Your guide to high-def entertainment PART I

Looking to get some new kit in the January sales? There are new formats of DVD (which do you need, Blu-ray or HD?) and new TV specs (LCD, plasma, argh!) to watch it all on. Why does it have to be so hard? All you wanna do is watch some sci-fi! In case you're finding it all a little baffling, our chums over on sister mag DVD Review have provided an in-depth guide to the latest technologies.

PART I – HIGH-DEF TELLY [you’re reading it!]
PART II – DVDs (BLU-RAY AND HD) [next week]

HD FLATSCREEN TV

Let’s get one thing straight: in the world of high-definition, big is better. And to start with, the TV that’s most likely sitting in your lounge right now, your trusty old Cathode Ray Tube, is big in all the wrong ways. Decent pictures? Maybe, but the old chap just isn’t designed for the expansive vistas of hi-def. It has to be seen to be believed: once you add luxuriant, full-fat, high-definition visuals to the mix, your movies and television programmes are simply better. In fact, with four times – that’s right, four times – the resolution of regular telly, you’ll think you’re in the actual Serengeti or that Jack Bauer really is pointing that gun at you.

The extra detail that the jump in resolution gives you blows standard definition telly out of its oversized casing. And once you get a taste for it, you’ll never look back. But it’s not just about how many pixels you’re packing. Hi-def also means richer colours and deeper, darker blacks that add another dimension to your old favourites. Just spin the HD Batman Begins disc to see the world of the Dark Knight expand in richness, with the shadows themselves somehow adding to the story.
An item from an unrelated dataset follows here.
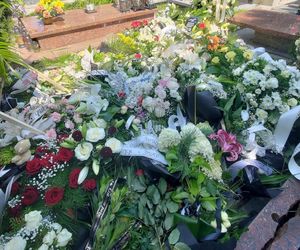 Kevin żegna ukochaną Patrycję i małego Bruna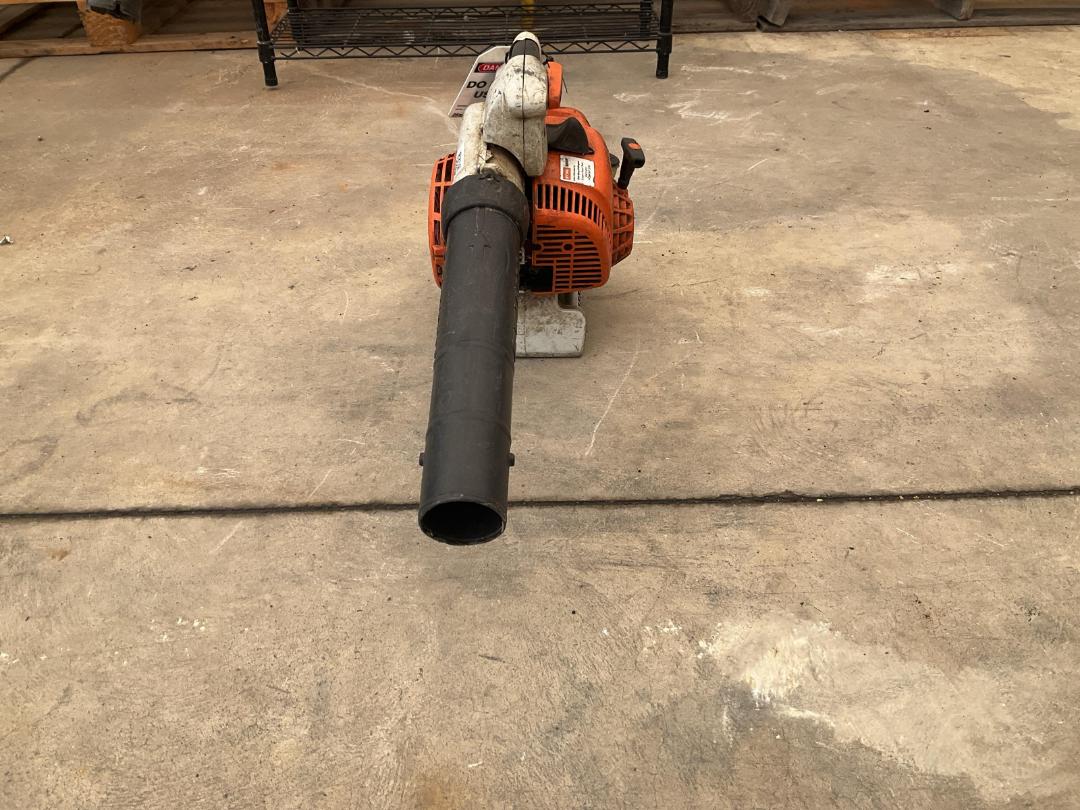 Photo '2' of STIHL BG 86 Blower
And that’s before we’ve even mentioned the HD goodies being beamed at your receiver by the likes of Sky and Virgin Media, with sport, movies and your favourite TV in mind-blowing HD. Don’t let the anally-retentive types counting lines of horizontal resolution put you off – if you’re serious about your setup and ruthless in your quest for superior viewing quality, the time to upgrade your screen to hi-def is now. Big is back in style, and it’s looking better than ever.

FIVE REASONS WHY YOU NEED HD TV...

1/ Lean screens - flat means greater screen area without filling up your front room with a big black box. It also means you simply hook a 42-inch bad boy up to a rumbling sound system and you’ve got instant Odeon in your lounge.

2/ Stay neutral - invest in an HD TV and you are future-proofed for hi-def, no matter who wins the DVD format punch-up.

3/ Picture power - it really only takes a few seconds in front of Pirates of the Caribbean on Blu-ray to get the message: with rich colours and more screen thrills than Captain Jack’s buckle and swash, HD makes regular TV walk the plank.

4/ Top TV - the US started off with just a handful of HD channels, and now there are well over 200. It won’t be long before the UK catches up, with some great broadcast content on offer. Soon, the best content will all be HD, and you don't want to miss out.

5/ DVD 2.0 - don’t worry: with the right kit there’s no need to dump your old discs. With an upscaling DVD player you can output a signal to an HD TV that will make your current discs look the business. More on this stuff later.

SO WHAT DO I DO?

You want in on the hi-def party. Follow these easy steps and you’re ready to ascend to HD heaven...

a/ Cash is your first and most important consideration. HD can be a serious investment, so check your budget and work out just what you can get your filthy mitts on. And don’t forget to shop around. The cost of flat screen TVs is plummeting, and the online tech supermarket is a bargain-hunter’s paradise.

b/ Don’t even think about buying a TV without the HD Ready badge. There’s a rigorous testing procedure before it makes the grade, and only certified screens will serve up the different HD standards (720p, 1080i and the daddy, 1080p) for your hi-def viewing pleasure.

c/ The uninitiated will find the differing HD standards a minefield. If the wallet will allow it go for 1080p, also known as Full HD, which turns in stunning detail and a flicker-free performance.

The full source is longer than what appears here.